According to leading epidemiologist Dr. Shanna Swan (Icahn School of Medicine at Mount Sinai, Department of Environmental Medicine and Public Health) penises are shrinking — and climate change is to blame. In fact, a host of reproductive problems in both sexes, from erectile dysfunction to infertility, are being spurred by pollution. Chemicals, particularly phthalates, are contributing to our progenitive woes. The issue has become so stark that in some countries, Swan writes, the average 20-something is less fertile than her grandmother was at 35.
Lucky for the Clown, he was born in the late 1800’s, thus avoiding the “penis shrinking” phthalates (pronounced “fpssthsstalattes”) so common today in our toys, cosmetics, detergents, packaging and dildos (irony alert!). The Clown is not gloating, exactly, but instead is gloating specifically.
Those who deny that climate change is real, or that it isn’t mostly caused by the parasites referred to as humans and by carbon emissions caused by the manufacture of dildos and other toys, should take this latest news with some degree of alarm. If size matters, then for every male born after 1980, the fact that his member doesn’t seem to measure up in the locker room with the members of the older members of the club, this is no illusion. It’s likely the reason that these younger men are compensating by driving enormous SUVs that pollute at extraordinary levels and whose upholstery is chock-a-block full of phthalates. Their children, with even greater small penis problems, will not be happy.
To be fair, what global warming has to do with phthalates is not made clear in Dr. Swan’s statement. The Clown, however, never one to ignore a juicy blog topic, isn’t searching for the exact answer for fear that the connection will be less than compelling.
As the infomercial announcers say, “But, wait, there’s more.”
Sperm counts are dropping as well. As a trend, the role of men in human endeavors is, apparently, slowly disappearing and none too soon, according to the more strident feminists.
While the bleaching and death of coral reefs, rising seas, significantly more dangerous storms, the demise of plankton, shrinking habitats for polar bears and desertification of once lush farm land haven’t caused leaders the world (mostly men) to take immediate climate change action, shrinking penis size will likely do the trick. It would seem to be the one climate change result that will concentrate one’s attention, assuming that one is male.
On the upside, shrinking penises will make the aforementioned erectile dysfunction less of a big deal, given that, at a certain point, the the difference in size of the erect versus the flaccid penis will be imperceptible. And too, by the time such comparisons are moot, decades from present, female scientists will have perfected sperm in a test tube that can be sold directly to those women wishing to have children. They could package the manufactured semen in disposable dildo-shaped squirt bottles just for old-time’s sake when young fecund women had to date numerous jerks before deciding on one with whom to create babies. The only reason to keep a man around in that future is to parallel park the family van.
Now, before all of my male readers rush out and murderously descend on manufacturers who use phthalates in their products, you should know that the Clown has discovered a counter-measure, extracted from a rare Brazilian jungle plant called pctzequatl (pronounced “pct-zeq-uant-l). This extract, squeezed from the roots of the plant by native Indians from the Zyqunthphymi (pronounced sy-qun-th-ph-yummi) tribe who, for centuries, have used the extract to induce penis growth in tapiers, a favorite food source and whose penises are considered a delicacy.
The Clown, using his extraordinary biochemistry skills, a working knowledge of the global supply chain and a brilliant marketing talent is creating an over-the-counter version of the extract that will soon be available via the Internet.

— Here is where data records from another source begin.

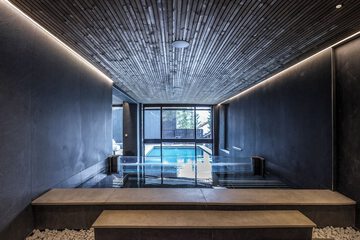 Indoor spa tub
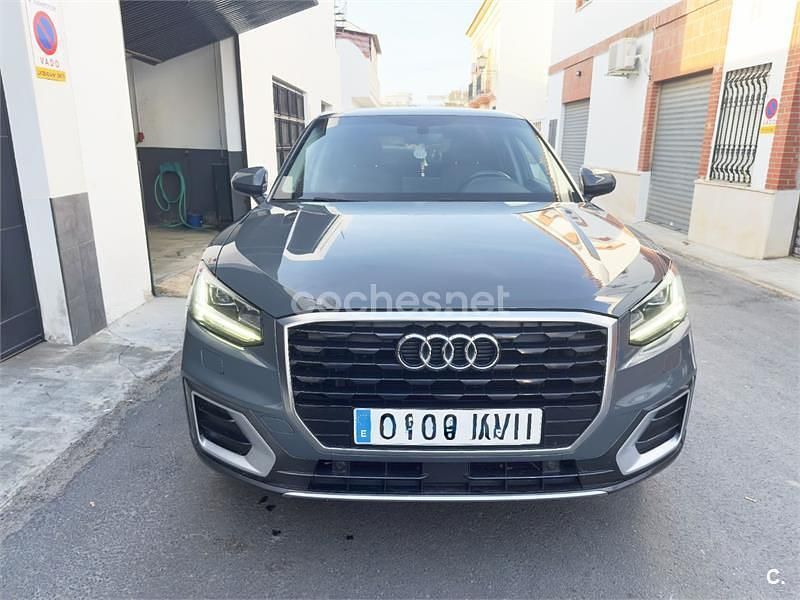Usado Audi Q2 Sport 116 CV (85 kW) 2019 Gris / plata SUV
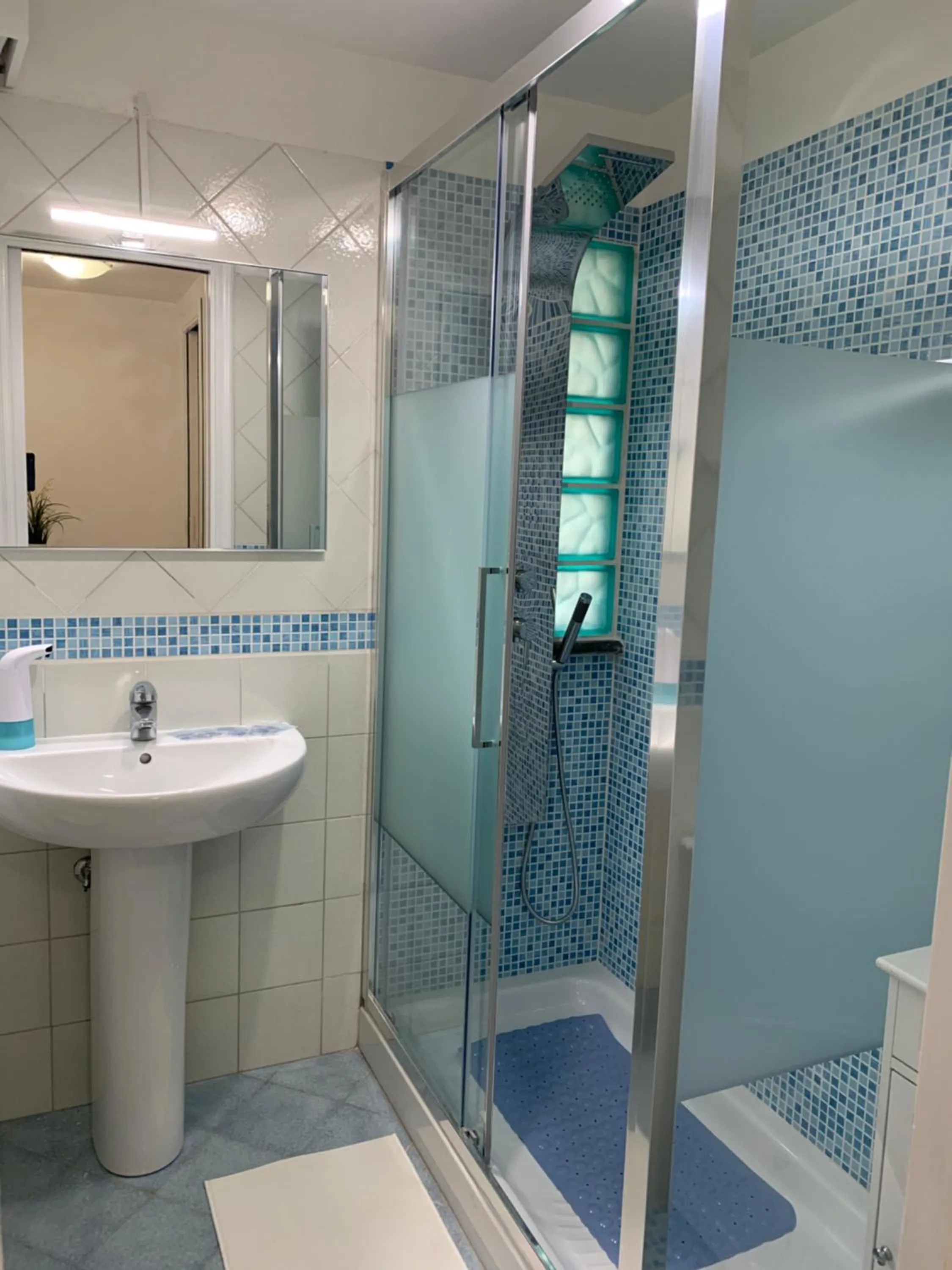 Bathroom in Itaca B&B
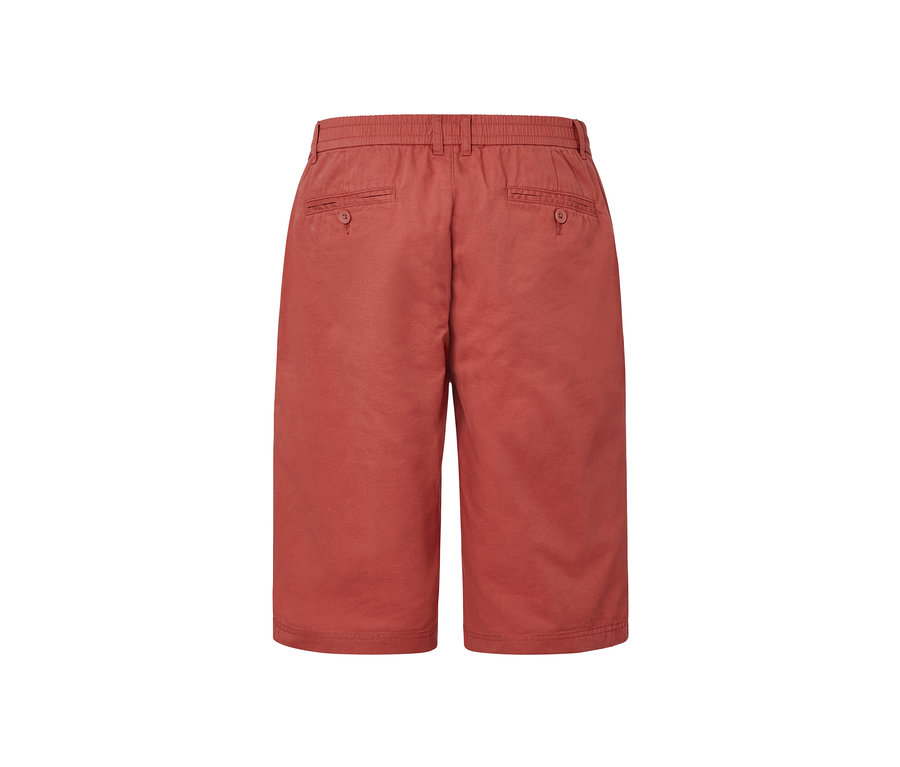 Detailansicht der Rückseite einer Chino-Shorts.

The price, yet to be determined, will be based on demand and the Clown predicts that it will be quite dear. As with any new product, the marketing department is testing various brand names for efficacy. The current front runners include: Long Wong Silver, Phthalates-ex, Wee-No-More and Zepupruditaq.
Watch this space for announcements regarding availability.
Observoid of the Day: The absurd rumor that Biden will restrict red meat consumption to four pounds per person per year, sent large numbers of panicked republicans to buy 16 Quarter Pounders to stock their freezers.
Whew! Dodged that bullet by…three decades or so.